▶ How to complete this task: Type out each entry exactly as it appears, but keep every image out.

▶ Excerpted records:
####################

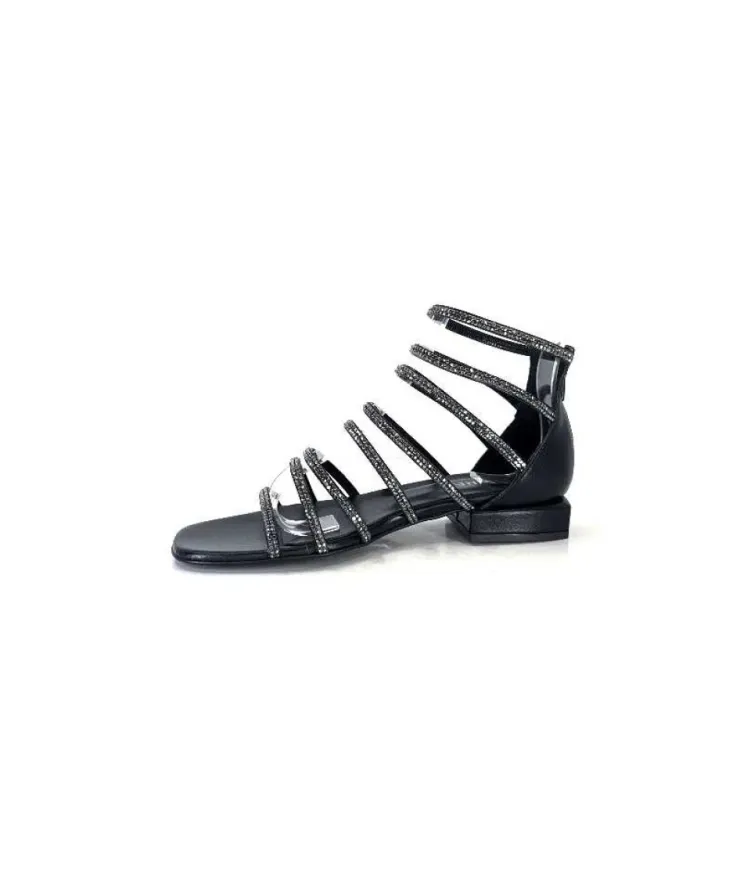 s.piero Ivoire E35.008 Cuir Noir Strass*Femme Sandales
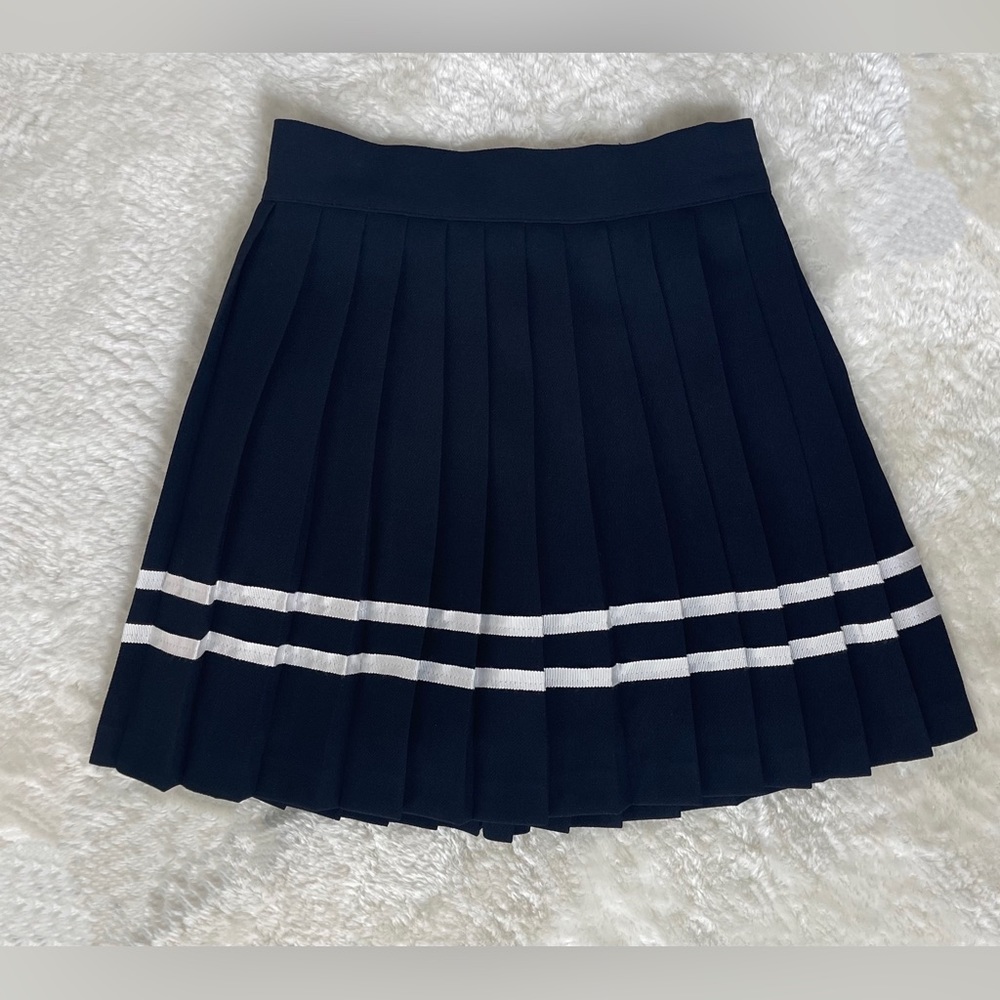 G&P Vancouver - High Waisted Pleated Skirt - Navy + White Ribbon - Size XS-S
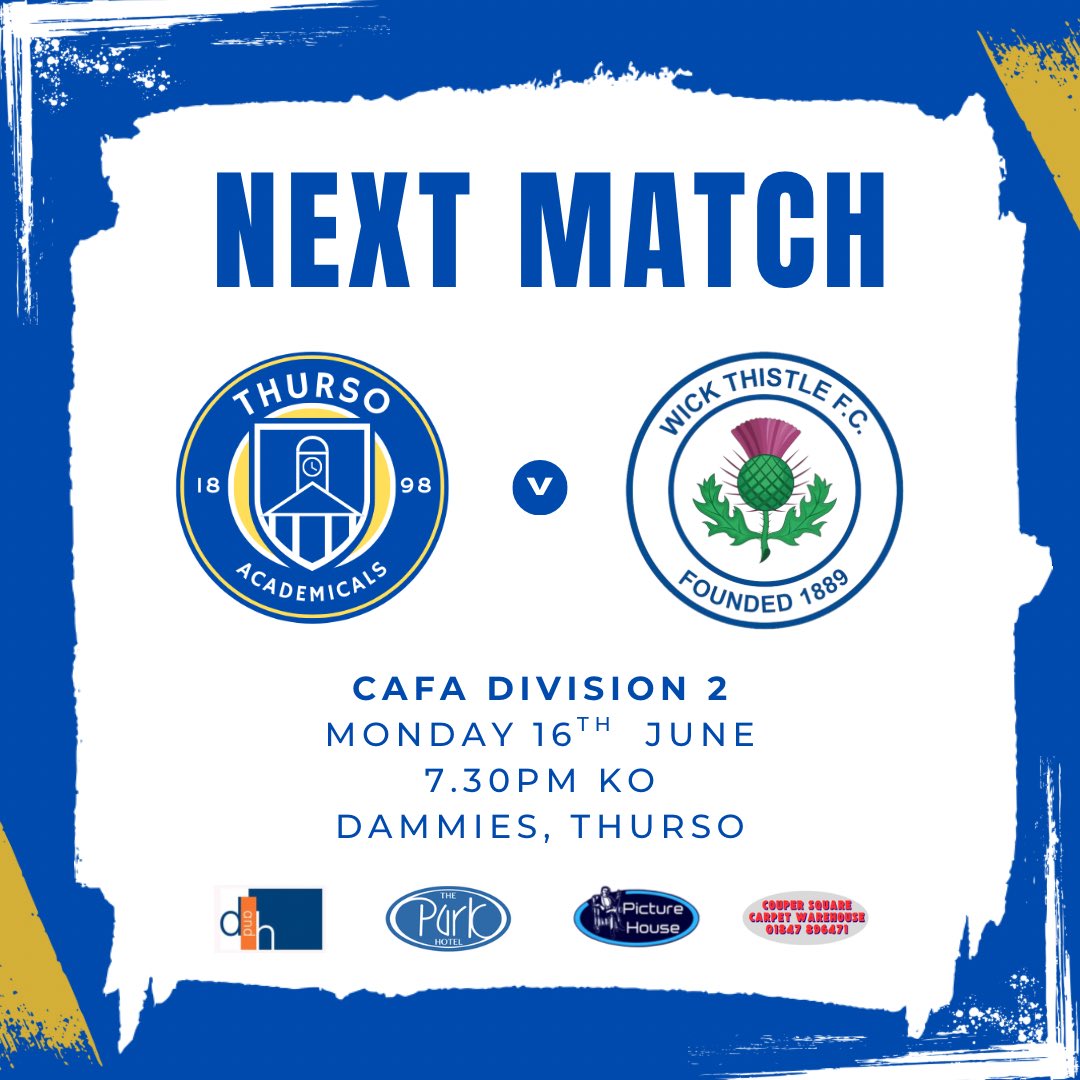 𝗡𝗘𝗫𝗧 𝗠𝗔𝗧𝗖𝗛

The boys will be looking to gain ground on leaders Wick Thistle tonight at the Dammies.  Come down for a 7.30pm KO to support the team.

🔵⚪️🔵⚪️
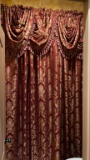 (2) Curtain Panels with Valences and (2) Linen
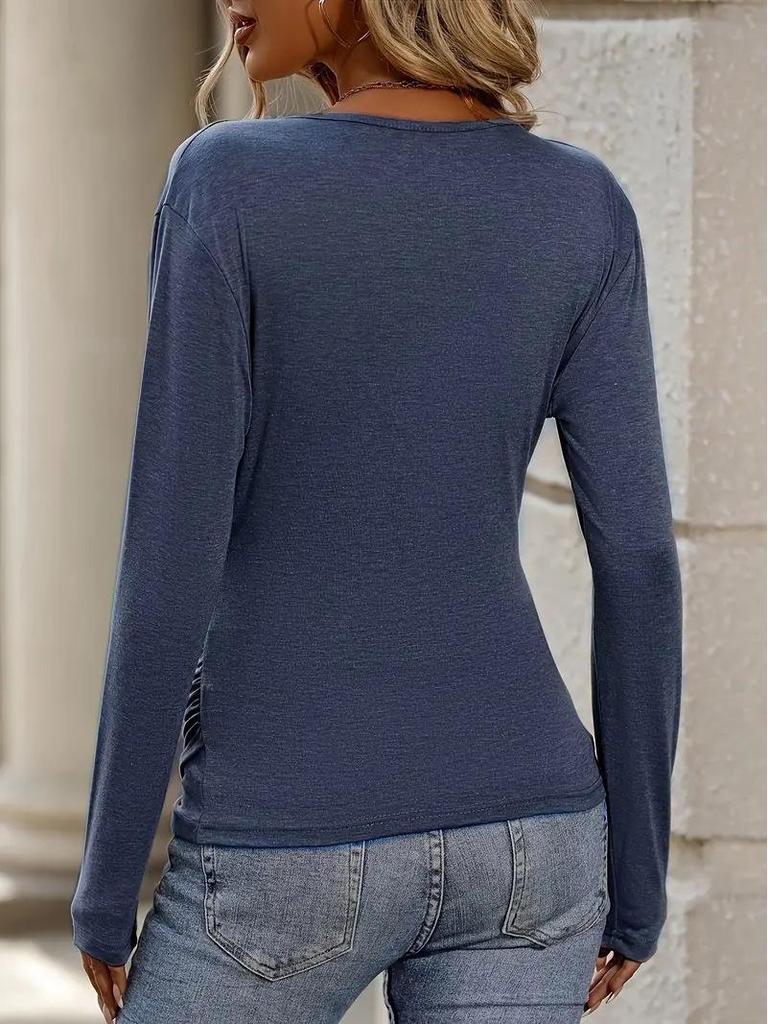 Autumn 2025 Elegant V-Neck Long-Sleeve Solid Color T-Shirt for Women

####################

▶ Solution for this problem:
 s.piero Ivoire E35.008 Cuir Noir Strass*Femme Sandales
 G&P Vancouver - High Waisted Pleated Skirt - Navy + White Ribbon - Size XS-S
 𝗡𝗘𝗫𝗧 𝗠𝗔𝗧𝗖𝗛

The boys will be looking to gain ground on leaders Wick Thistle tonight at the Dammies.  Come down for a 7.30pm KO to support the team.

🔵⚪️🔵⚪️
 (2) Curtain Panels with Valences and (2) Linen
 Autumn 2025 Elegant V-Neck Long-Sleeve Solid Color T-Shirt for Women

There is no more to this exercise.